What I've been told is that you should buy a fogger with the highest wattage you can afford. That way the re-heat cycle will be less that a lower wattage fogger.


----------



## drunk_buzzard (Sep 9, 2003)

I bought the fogger at Target but haven't tested it out yet. I'll let you know how I like it.

"Howdy folks! Ya like blood, violence, freaks of nature?" -- Capt. Spaulding, House of 1000 Corpses


----------



## kristian (Aug 26, 2004)

I bought a VEI fogger. It believe it's 1700 watts, and cost me somewhere around 275.00. It also comes with a control that lets you select the time per burst, output level, and frequency of the burst. 

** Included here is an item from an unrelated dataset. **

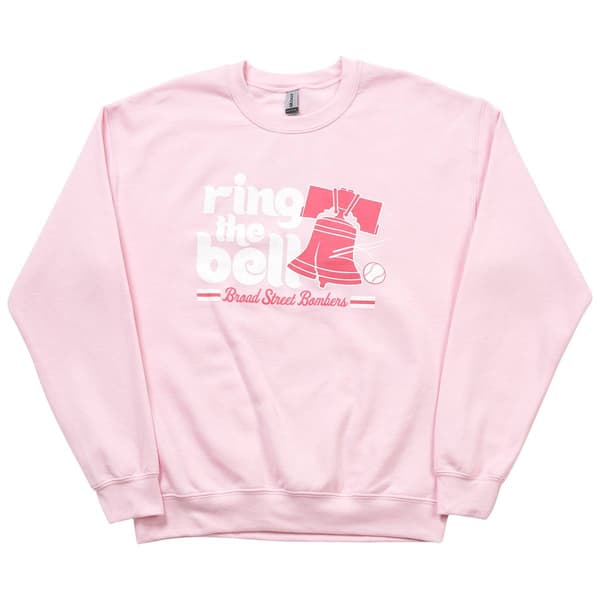 Mens Ring The Bell Broad Street Bombers Sweatshirt - Pink - image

It's worth spending the extra money for such a well built unit. Plus, since the wattage is high, you don't have to worry about it taking much time to reheat, if it takes time at all. Many of the inexpensive models (i also have five Light F/X models) will let out quite a burst of fog, but then it might take 4 or 5 minutes for the coil (i think that's what heats up) to get hot.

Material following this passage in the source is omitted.